Sugar can make electricity?
By Jake Richardson
Posted Thu Jul 8, 2010 7:03am PDT
Related topics: Biofuels, Electricity
More from Care2 Green Living blog
It's not exactly sugar juice, but the sugar cane fiber left over after the juice is extracted, which is burned to make electricity. The fiber is called bagasse, and is being used in cogeneration power plants. Once it dries, it is burned in boilers to make steam. The steam is used to create electricity. Emissions from burning bagasse are lower than for burning fossil fuels.
In Florida, a sugar mill facility called Florida Crystals powers their business operation and 60,000 homes with electricity generated from burning bagasse (and wood waste when it is not sugar cane season).

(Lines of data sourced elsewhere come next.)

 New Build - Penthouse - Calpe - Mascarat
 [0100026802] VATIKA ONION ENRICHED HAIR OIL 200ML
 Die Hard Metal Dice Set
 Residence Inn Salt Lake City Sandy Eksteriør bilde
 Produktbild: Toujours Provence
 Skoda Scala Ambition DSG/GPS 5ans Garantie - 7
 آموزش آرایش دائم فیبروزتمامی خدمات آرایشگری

The reason sugar cane can be used to make sugar and generate electricity is that it is very efficient in converting sunlight into energy. Florida Crystals estimates it saves hundreds of thousands of tons of carbon emissions by burning bagasse to run its facility, rather than fossil fuels. It is one of the largest sugar producers in the U.S. and runs the largest biomass plant in North America.

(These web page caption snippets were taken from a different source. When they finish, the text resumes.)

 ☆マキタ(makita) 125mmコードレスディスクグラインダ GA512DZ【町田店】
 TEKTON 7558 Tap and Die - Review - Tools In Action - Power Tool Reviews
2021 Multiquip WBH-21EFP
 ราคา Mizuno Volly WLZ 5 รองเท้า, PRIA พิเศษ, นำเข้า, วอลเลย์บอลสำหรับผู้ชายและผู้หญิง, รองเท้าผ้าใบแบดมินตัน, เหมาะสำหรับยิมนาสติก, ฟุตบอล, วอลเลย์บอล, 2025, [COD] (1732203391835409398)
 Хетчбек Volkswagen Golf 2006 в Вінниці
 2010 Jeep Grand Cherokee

Sugar cane production is a large industry in Brazil, and it uses bagasse power plants to provide about 3 percent of the country's electrical consumption. An estimate has stated that number could be increased to 15 percent by 2020.
Just last February, a deal was struck to begin construction of a 40 megawatt bagasse fueled power plant in Brazil. Other countries are using sugar cane fiber also. Kenya reportedly has the potential of producing 300 megawatts of electricity from bagasse. Currently it is producing 38MW.
A megawatt is one million watts. One megawatt could power between 400 and 900 homes depending on consumption rates.